Articles from and news about the premier and longest-running academic journal devoted to all aspects of cartooning and comics -- the International Journal of Comic Art (ISSN 1531-6793) published and edited by John Lent.

Showing posts with label Tehran. Show all posts
Showing posts with label Tehran. Show all posts

Friday, February 20, 2026

Graphic Novel Review: I Won’t Pretend These Missiles Are Stars. Life in Iran During the 12-Day War. An Anthology from The Cartoonist Collective in Tehran

 reviewed by John A. Lent, Founding Publisher/Editor-in Chief, International Journal of Comic Art

The Cartoonist Collective. I Won’t Pretend These Missiles Are Stars. Life in Iran During the 12-Day War. An Anthology from The Cartoonist Collective in Tehran. Brooklyn, NY:  Street Noise Books, 2026. 212 pp. US $22.99 (Paperback). ISBN:  978-1951-491-55-0. https://www.streetnoisebooks.com/

 

 

In these dark days, nothing is more important than spreading the voices of Iranians out there. In the end, we have only one request, remember us, remember Iran, and speak loudly about it.--The Cartoonist Collective

 

It is February 19, and I write this, remembering Iran and my friends there, as war-monger and war-profiteer Trump has just deployed an overkill and provocative mission of multiple destroyers, the U.S.’s largest supercarrier, attack aircraft, drones, electronic warfare jets, and more to Iran in preparation for an invasion.

I Won’t Pretend These Missiles Are Stars is an apt graphic novel to be reading at this time, with its vivid accounts of the fear, hopelessness, indecision, and sense of foreboding experienced by civilians when their abodes are under attack--in this case, those of Iranians during the 12 days in June 2025 when they suffered constant bombing by Israeli aircraft.

Packaged in 15 segments, each told and illustrated by a member of Tehran’s The Cartoonist Collective, their titles foretold their contents, examples being, “I’ll Tell You a Story If We Don’t Die,” “Under the Same Roof,” “Until after the War,” “Stay Alive,” “Tehran Apocalypse,” and “The Fireworks.”

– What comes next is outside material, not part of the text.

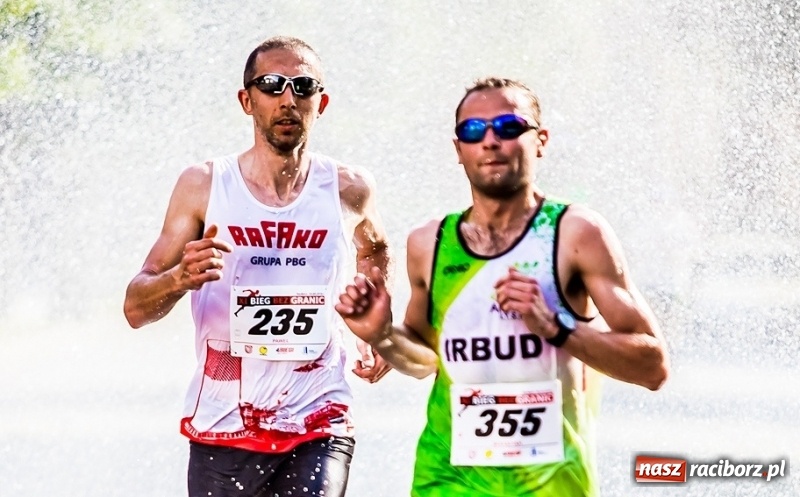 Zdjęcie w galerii na portalu naszraciborz.pl: Summer 2018. Jakie okularki przeciwsłoneczne proponują na lato raciborzanie i nasi goście wiadomości z regionu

The stories recount the wide array of feelings and preparatory plans and actions of those under threat of death. A sampling includes what, in normal times, would be considered preposterous or laughable:  “When bombs hit, my first instinct is not to scream but to prep my own corpse like a mortician on overtime.” “I still want to die but I have a deadline to meet.” “You can’t fully let your anger out, because you’re still raw from the last wound, and then it flares up again.” “It hurts my heart to see how people with dreams and hopes…become emotionless statistics when it serves the interests of the government.” “My friend stays up at night, hoping for peace and a clear sky, and I stay awake at night to think about my funeral.” “I hated the word war, that small three-lettered word, that took so much from us, the wounded people of Iran.” Another story shows a young female cartoonist decked out with loads of jewelry given to her by her mother and friends which she described as “a little something to hold on to as I passed away, or at least to make looting my corpse more of a luxury experience.”

These stories are powerful accounts of non-military people encountering wartime conditions, which we seldom hear. The book is an assemblage of first-hand stories told in everyday conversation, drawn in a variety of styles and color schemes, and designed in an easy-to-follow format.

I Won’t Pretend These Missiles Are Stars is highly-recommended for comics art practitioners, academicians, and aficionados, because of its superb storytelling and art, for anyone who still believes war is glamorous, and for the many of us who have not had to suffer war.